On 25 June 1982 Mr Cowles addressed another note to all members of the committee. He pointed out that the legal advice mentioned in Mr Scargill's letter was concerned with the right of trustees to opt for one particular investment as against a viable alternative (a view that was not questioned), and said that this was not the issue under discussion. The committee's duty, he said, was to manage the funds in the best interests of the beneficiaries; and he then said:
'What is improper is for the Committee of Management to fetter the way they exercise their discretionary powers as trustees in the future by imposing an embargo on a wide range of investments regardless of the financial consequences.'
Mr Scargill's reply, on 30 June, was to state that the legal opinion obtained by the NUM covered all aspects of the scheme and the trustees' responsibilities, so that it was incorrect to draw the conclusion that the advice was not directed to the issue under discussion.
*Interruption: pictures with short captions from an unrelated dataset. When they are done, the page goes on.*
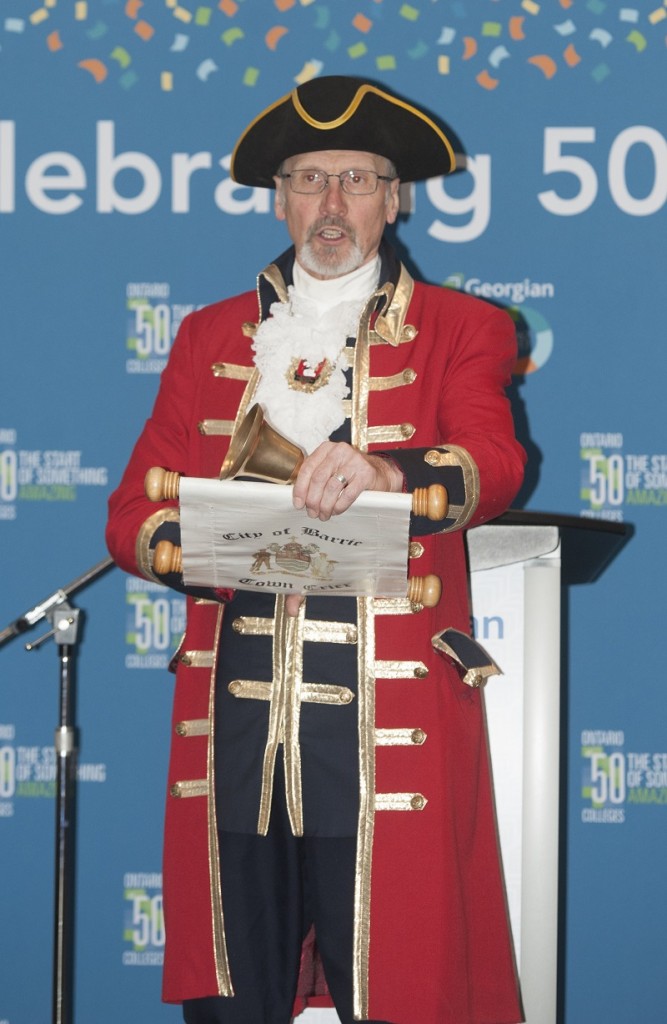 City of Barrie Town Crier Steve Travers proclaims the celebrations for Georgian College's golden anniversary officially open.
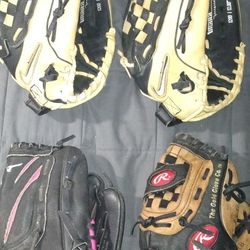 ASSORTED -KIDS T-BALL /GIRLS SOFT BALL GLOVES 
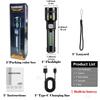 Белый лазерный мощный фонарик USB C перезаряжаемый фонарик 18650 EDC фонарь лампа с боковыми огнями рабочий свет кемпинговый фонарь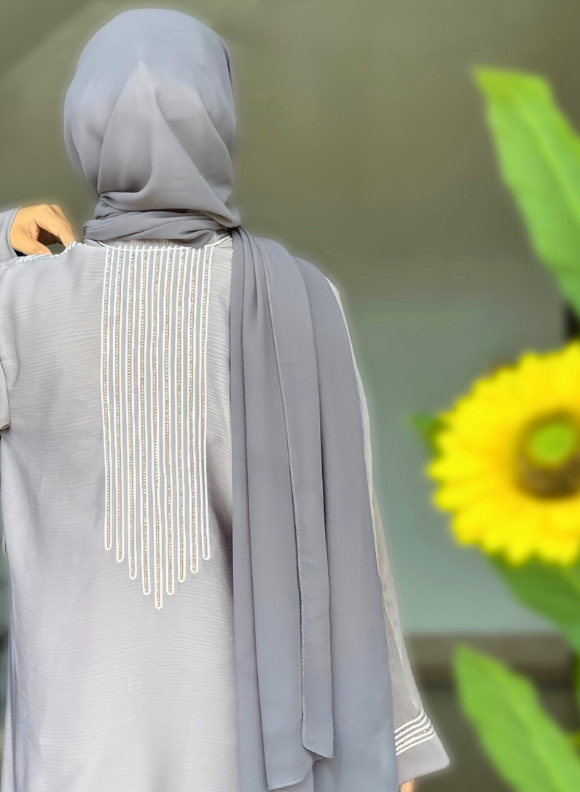 Almas Abaya - Moss Grey Almas Abaya - Moss Grey - Image 3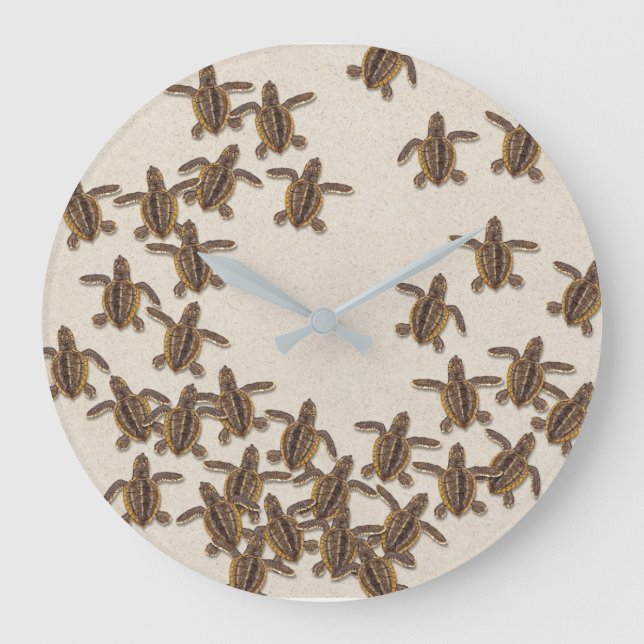 Loggerhead Sea Turtle Hatchling Wall Clock Große Wanduhr (Vorderseite)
He went on:
'We are advised that we can refuse to invest abroad or in oil and other energy industries, and it may be that, in the final analysis, the difference of opinion between you and ourselves will have to be resolved elsewhere!'
This was in substance repeated in subsequent letters to others.
On 5 July Mr Cowles wrote to Mr Scargill, seeking to discuss the difference of opinion with the solicitors who had advised the union; and he said that he assumed that they had seen the opinion obtained from two Chancery silks on the obligations of the committee in relation to the scheme's investments, and his own recent advice. He also said that it was difficult to comment on the union's request for legal advice and on the advice itself without seeing them, and said that it would be helpful to be supplied with copies. Mr Scargill's reply was that 'we ourselves have been counselled that it is wiser not to supply you with copies of the legal advice given us at this point'.
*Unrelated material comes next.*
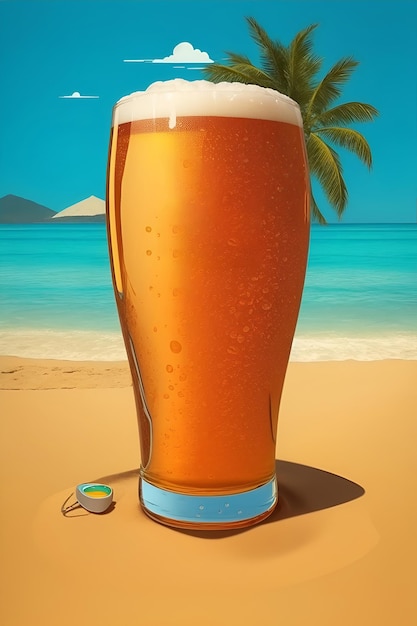 Very details Beer glass lost in beach background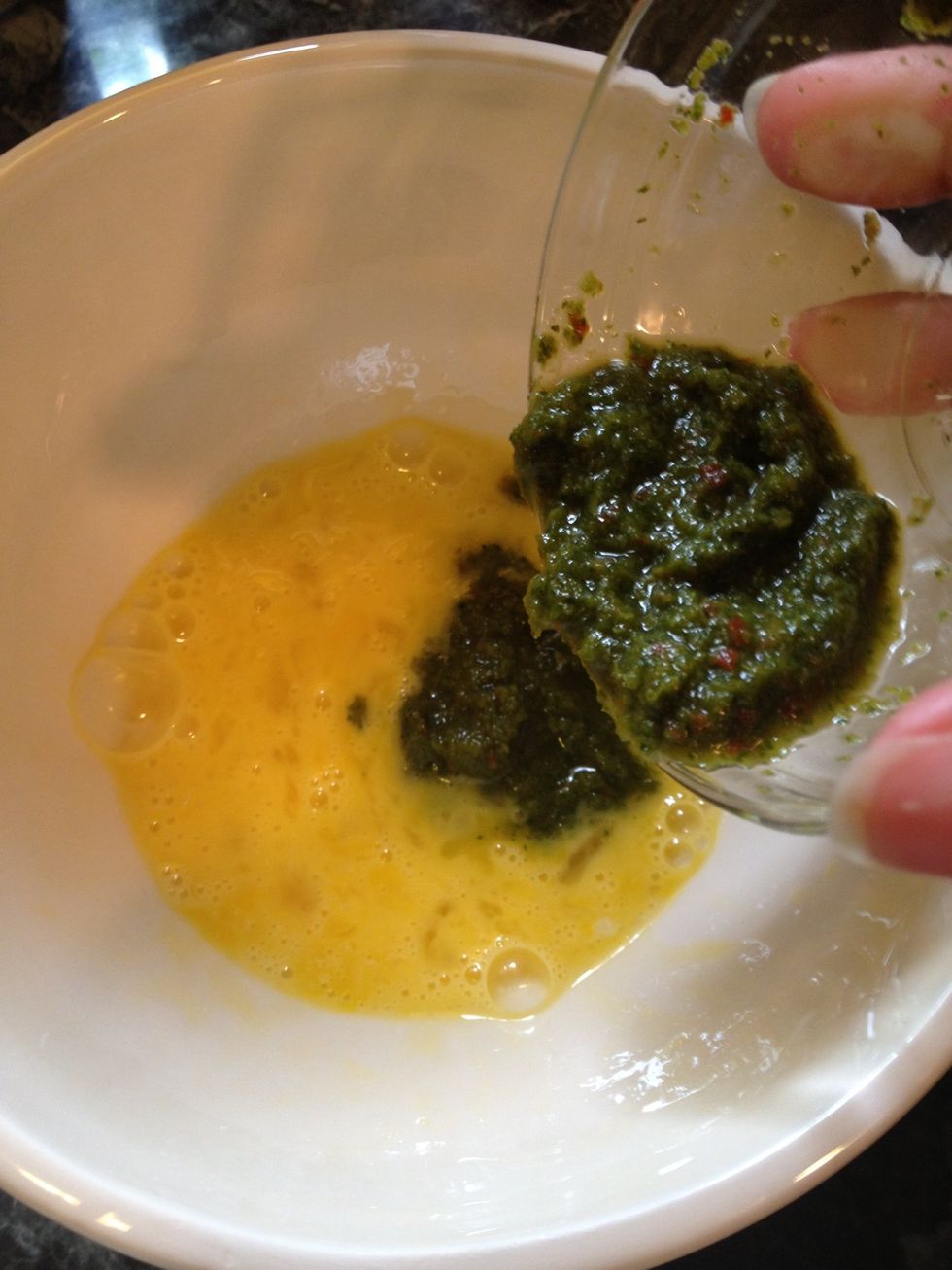 To the eggs add the sofrito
Then, on 21 September, Mr Scargill wrote to Mr Cowan, reiterating the 'total opposition' of the NUM trustees to investment overseas and in oil, seeking agreement to withdraw overseas investments, and seeking other changes in the operation of the scheme. These included making future investments require the approval of the 'Chairman and Vice-Chairman', and providing for the chairmanship to alternate between Mr Cowan and the president of the NUM. The adjourned forty-fifth meeting of the committee had not yet been held: on 15 June Mr Cowan had proposed three dates in June and July before the holiday season, but Mr Scargill had promptly replied that he was committed on all three dates, and he suggested no alternatives. Mr Cowan then became gravely ill, and did not return until early in January 1983. He then wrote to Mr M McGahey, one of the union trustees, to suggest that he and Mr Scargill should meet him (Mr Cowan) and Mr Harrison to discuss the fund's problems. The meeting was held on 25 January 1983, and a letter from Mr Scargill sets out the changes sought by him and Mr McGahey. A number of further changes were added to those that had already been sought. Instead of alternating chairmen, there were to be joint chairmen; there were to be quarterly meetings of the committee; the JISC was to be composed of trustees only; there was to be an investigation of all expenses paid for the past two years; there were to be fortnightly meetings of the two joint chairmen with Mr Jenkins so that the trustees could be involved in the actual decision-taking; and no investments above a certain level (eg £2m) should be made without agreement between the two joint chairmen and the professional fund managers. The letter stated that 'our legal advisers are satisfied that we are acting within the law'.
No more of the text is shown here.